Across the global gold sector, some of the most difficult ounces are not necessarily hidden deep underground. Many are already known, drilled, mined, stacked, crushed, stockpiled, or sitting in legacy leach pads. The challenge is not always discovery. In many cases, the challenge is metallurgy.


Low-grade copper-gold ores, spent leach pads, transition zones, stockpiles, and copper-bearing gold deposits can be difficult to process economically because copper interferes with conventional gold recovery systems. Copper can consume reagent, complicate downstream recovery, increase detoxification requirements, and force operators into more complex flowsheets. In cyanide circuits, elevated copper can create a dependency on additional process infrastructure, including SART plants, to manage copper-cyanide complexes and regenerate cyanide.


That is why RZOLV Technologies’ latest laboratory results are important.


The Company’s recent metallurgical work demonstrates that the RZOLV platform can recover gold from low-grade copper-gold complex ores while also identifying a potential pathway to manage copper interference before gold leaching. In practical terms, this means RZOLV may be able to help unlock value from materials that are often considered too complex, too low grade, too copper-rich, or too costly to process using conventional approaches.


A Different Kind of Gold Recovery Problem

Gold processing is often described in simple terms: crush the ore, leach the gold, recover the metal. But real-world deposits are rarely simple.


Many gold systems include copper. Some contain oxide copper, secondary copper minerals, mixed oxide-sulphide zones, transition material, or copper-bearing alteration assemblages. Others contain legacy heap leach material where cyanide has already recovered the easy ounces, leaving behind residual gold in a chemically and metallurgically complicated environment.


In these situations, copper can become a major problem. It may consume reagent before gold is fully recovered. It may slow leach kinetics. It may create downstream complications. It may force additional capital spending. It may also turn what appears to be a viable gold resource into a marginal or stranded asset.


This is particularly relevant for low-grade deposits and spent leach pads. At low grades, every cost matters. Reagent consumption, residence time, solution management, water balance, copper handling, and downstream recovery can determine whether material is economic or uneconomic. A process that can recover gold while reducing copper-related interference could therefore have meaningful industry relevance.

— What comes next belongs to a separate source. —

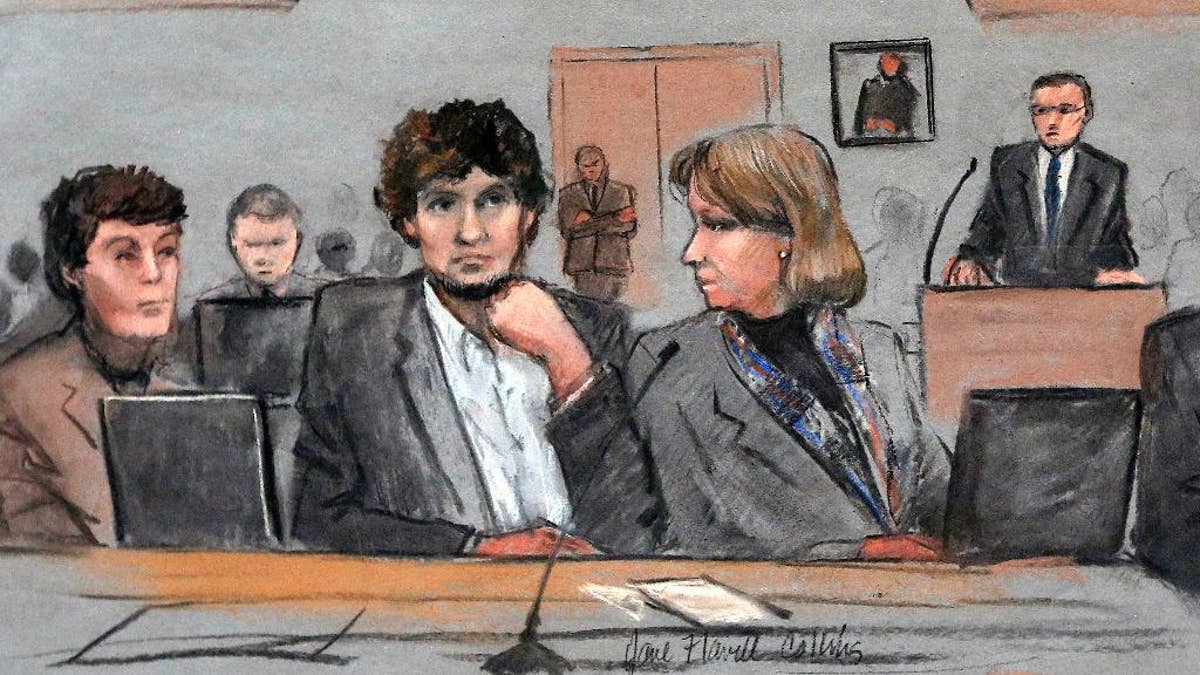 In this courtroom sketch, Assistant U.S. Attorney Aloke Chakravarty is depicted pointing to defendant Dzhokhar Tsarnaev, right, during closing arguments in Tsarnaev's federal death penalty trial Monday, April 6, 2015, in Boston. Tsarnaev is charged with conspiring with his brother to place two bombs near the Boston Marathon finish line in April 2013, killing three and injuring 260 people. (AP Photo/Jane Flavell Collins)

The RZOLV Result: Gold Recovery Comes First

The most important achievement in the latest testwork is straightforward: RZOLV recovered gold from copper-bearing complex ore samples.


The program evaluated two contrasting copper-gold composites. One represented higher-gold, lower-copper material. The other represented lower-gold, higher-copper material. Both are relevant because they reflect the kind of variable feed that can exist within real copper-gold systems.


The higher-gold, lower-copper sample achieved strong gold recovery by direct RZOLV leaching. This suggests that certain copper-bearing ores may not require pretreatment where direct recovery is already strong. In these cases, a simpler RZOLV flowsheet may be sufficient.


The lower-gold, higher-copper sample is arguably the more important strategic result. This material represents the more difficult metallurgical challenge: lower gold grade, higher copper content, and greater potential for copper-related reagent consumption. In this case, copper pretreatment followed by RZOLV leaching modestly improved gold recovery while also materially improving reagent efficiency.


That combination matters. It shows that RZOLV is not only recovering gold from copper-bearing material, but that the process may be adaptable. Lower-copper material may be processed directly. Higher-copper material may benefit from copper pretreatment before gold recovery. This points toward an ore-selective processing strategy, rather than a one-size-fits-all flowsheet.


Copper Pretreatment: Turning an Interference Problem into a Process Step

One of the most important findings from the testwork is that copper was selectively removed/recovered before gold leaching, with no measurable gold loss during the pretreatment stage.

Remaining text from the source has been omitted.